小心者の私は「く、く、くまだー」と言いながら、一瞬何が起こったのか理解できない状況が2秒程続いたのであった。
安全な2階のベランダから見下ろす熊の姿、恐さよりカメラを持っていない残念さが先に立った。カメラは1階にあるが、取りに行くのは恐い。そうこうしている内に、ヒグマはその場を去り、敷地内から森の方へ向かって足早に去って行ったのであった。
2階の窓から見たヒグマの位置 |
後で恐る恐る現場を見に行ってみたら、熊もある程度慌てていたのか少し走って逃げたような足跡が残っていた。
土にめり込む足跡 |
熊が立ち上がっていた場所から |
国有地はここから森の手前まで |
そこへ思いもかけない時間帯に私達が現れたので熊もさぞかし驚いたのであろう。建物の2階から覗く私達と目が合ってしまったので、とりあえず「あいさつ」をして慌てて去って行ったということかも知れない。

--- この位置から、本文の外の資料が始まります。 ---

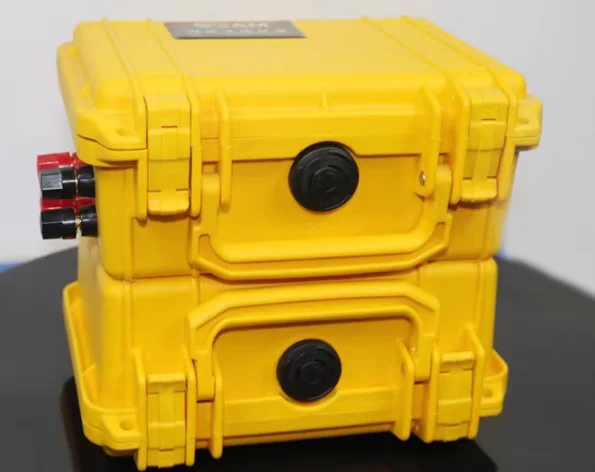 

Underwater Intercom Telephone - For Municipal Engineering, Salvage, Pipeline Plugging, Wired Communicator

来週になると、この畑のトウモロコシは全て刈り取られる。熊も危険を犯してやって来る理由は無くなる。私達も不必要に恐れることは無くなる。そしてそのまま冬を迎えることになるだろう。
ただ、それまでは
熊は右からやって来て左の畑に入り、私達はそれと直交する道を通って建築現場に入るのである。残された数日をお互いの警戒心と行動が鬩ぎ合う日々が続くのであろう。
今度出会った時もあいさつを忘れないような関係でいたいなと、…思うか、…な?